The Company has operations in Mexico, the U.K., France, the Netherlands and the Republic of Ireland. Therefore, it has exposure to translational foreign exchange risk when the financial results of those operations are remeasured in U.S. dollars. The Company has purchased foreign currency forward contracts to manage this translational foreign exchange risk.
The Company has exposure to variability in cash flows from interest payments due to the use of variable interest rates on certain long-term debt arrangements in the U.S. reportable segment. The Company has purchased an interest rate swap contract to convert the variable interest rate to a fixed interest rate on a portion of its outstanding long-term debt arrangements in order to manage this interest rate risk and add stability to interest expense and cash flows.
The fair value of derivative assets is included in the line item Prepaid expenses and other current assets on the Condensed Consolidated Balance Sheets while the fair value of derivative liabilities is included in the line item Accrued expenses and other current liabilities on the same statements. The Company’s counterparties require that it post collateral for changes in the net fair value of the derivative contracts. This cash collateral is reported in the line item Restricted cash and cash equivalents on the Condensed Consolidated Balance Sheets.
Undesignated contracts may include contracts not designated as a hedge or for which the normal purchase normal sales (“NPNS”) exception was not elected, contracts that do not qualify for hedge accounting and derivatives that do not or no longer qualify for the NPNS scope exception. The fair value of each of these derivatives is recognized in the Condensed Consolidated Balance Sheets within Prepaid expenses and other current assets or Accrued expenses and other current liabilities. Changes in fair value of each derivative are recognized immediately in the Condensed Consolidated Statements of Income within Net sales, Cost of sales, Selling, general and administrative expense, or Foreign currency transaction losses (gains) depending on the risk the derivative is intended to mitigate. While management believes these instruments help mitigate various market risks, they are not designated and accounted for as hedges as a result of the extensive record keeping requirements.
The Company has elected not to apply the NPNS exemption to a fixed-price product sales contract with a certain customer in order to mitigate various risk exposures and to try to achieve an accounting result that aligns the accounting for the derivative with the economics achieved through the use of the derivative. Transactions originating from this contract are accounted for as undesignated derivatives and recognized at fair value.
The Company does not apply hedge accounting treatment to certain derivative financial instruments that it has purchased to mitigate commodity purchase exposures in the U.S. and Mexico or foreign currency transaction exposures on our Mexico operations.
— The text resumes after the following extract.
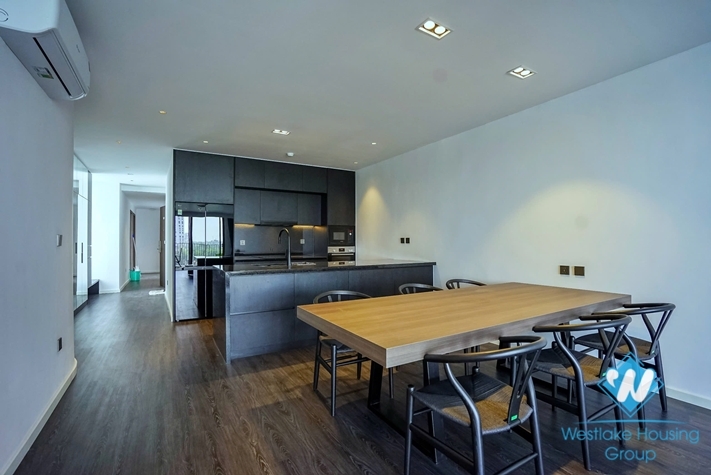Morden and lakeview 4 bedrooms apartment for rent in Quang An st, Tay Ho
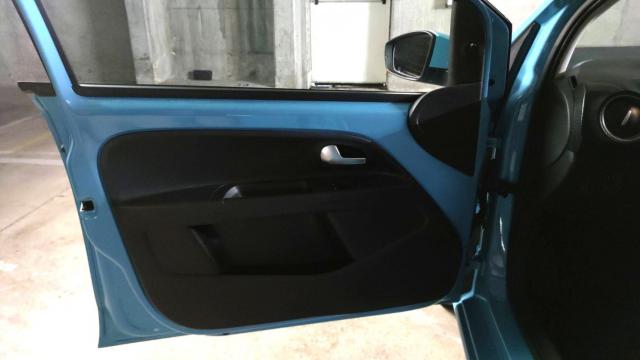Volkswagen Up! image 4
Therefore, the Company recognized changes in the fair value of these derivative financial instruments immediately in earnings. Gains or losses related to the commodity derivative financial instruments are included in the line item Cost of sales in the Condensed Consolidated Statements of Income. Gains or losses related to the foreign currency derivative financial instruments are included in the line item Foreign currency transaction losses (gains) and Cost of sales in the Condensed Consolidated Statements of Income.
The Company does apply hedge accounting treatment to certain derivative financial instruments related to its U.K. and Europe reportable segment that it has purchased to mitigate foreign currency transaction exposures. Before the settlement date of the financial derivative instruments, the Company recognizes changes in the fair value of the cash flow hedge into accumulated other comprehensive income (“AOCI”). When the derivative financial instruments are settled, the amount in AOCI is then reclassified to earnings. Gains or losses related to these derivative financial instruments are included in the line item Net sales and Cost of sales in the Condensed Consolidated Statements of Income.
The Company did apply hedge accounting treatment in prior periods to a derivative financial instrument related to its U.S. reportable segment that it had purchased to mitigate variable interest rate exposures; however, this instrument disqualified from hedge accounting treatment in the current quarter due to a change in the variable interest rate used on the underlying instrument. Gains or losses related to the interest rate swap derivative financial instrument are included in the line item Interest expense, net of capitalized interest in the Condensed Consolidated Statements of Income.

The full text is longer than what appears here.